Una forma antica di contrapposizione tra archetipi e stereotipi che quelle maschere hanno rappresentato nel corso della storia, divertendo con le loro astrusità e al contempo inducendo alla riflessione sui caratteri incarnati. Un gioco a demolire e a ricostruire modelli, a scardinare certezze e a costruirne di nuove. Un salto fuori e un salto dentro, fuori dal confine tracciato dal canone e dentro le sue linee. Questa è in fondo la ricerca di senso data al gioco delle parti, a ciò che sta dietro la maschera e a ciò che viene fuori. E il coraggio sta tutto nel rimanere al di fuori di quello schema preconfezionato che le maschere si divertono a prendere in giro da sempre.
Recita l’albo illustrato degli anni ’50: «La loro vita (quella delle maschere n.d.r.) è cominciata da quando l’uomo ha osservato e giudicato il proprio simile e si è proposto di correggerlo, sostituendo alla severità una sorridente benevolenza. E poiché nella vita in comune i difetti degli uomini sono comunicativi, le maschere hanno rappresentato tutta una collettività fin quasi a divenire simboli. […] La piatta scioccheria, la smargiasseria verbosa, la viltà chiacchierona, l’astuzia fraudolenta, la bonomia incapace, la spilorceria accattona, la vanità tronfia: ogni aspetto delle debolezze umane trova nelle maschere una specie di sintesi burlesca e di acuta analisi psicologica».
È un inno a quell’umanità capace di prendersi gioco dei propri difetti e di quelli altrui, di astenersi dal giudicare chi indossa pensieri diversi, di lodare la divergenza del fare piuttosto che la convergenza del dire, di inglobare nel processo collettivo chi ama ri-generarsi attraverso le infinite sfumature della creatività. E tutto questo processo non può che partire da bambini, da quando dalle braccia dei genitori si passa a quelle dei maestri. L’uso del pensiero divergente, delle infinite possibilità di rappresentazione del reale, del gioco delle parti comincia proprio in quella fase, e da un quadro di regole predefinite si può passare ad un altro ricreato su quelle basi ma con una visione più ampia e più prodiga di possibilità.

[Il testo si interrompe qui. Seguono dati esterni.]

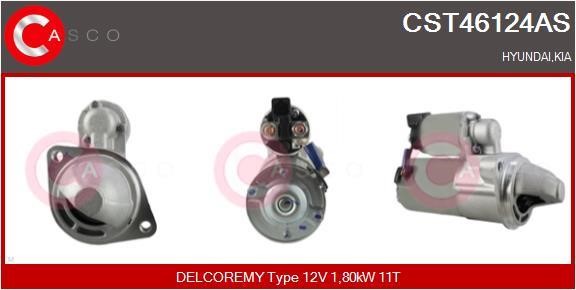 Starter motor KIA Ceed (Kia Ceed): CST46124AS Casco Starter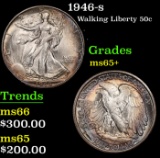 1946-s Walking Liberty Half Dollar 50c Grades GEM+ Unc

Alle nuove modalità di espressione, a quelle che scardinano i luoghi comuni, a quelle che utilizzano altri punti di vista, a quelle che pongono strade alternative abbiamo fatto ricorso in questa nuova uscita della rivista che ha voluto interrogarsi sugli approcci dei canoni alle grandi tematiche dell’oggi. Dalla bolla che è diventata internet, ai cambi di direzione e alle danze del tempo, alla danza che scandisce nuovi ritmi e detta nuove forme, all’uovo di Amleto per rappresentare un mondo dove tutto sembra quello che non è e dove l’unico modo di agire sembrerebbe essere il non esserci, all’arte dall’estro sconfinato, alle parole sulla poetica bellezza, al cibo che ci nutre e ci fa star bene. Intorno a tutto questo abbiamo costruito il nostro ragionare immaginando quei canoni che, pur rappresentando punti di partenza e impalcature fondamentali, possono essere ripensati, ridisegnati, riscritti. Ci siamo affacciati e abbiamo visto che possono senz’altro esserci nuove forme che, trasfigurate, acquisiscono nuovi significati.
«Castigare i costumi ridendo non è dote di tutti; o bisogna convenire che le maschere in ogni tempo hanno saputo assumersi questo mandato, cercando di migliorare gli uomini, senza annoiarli con i loro ammonimenti».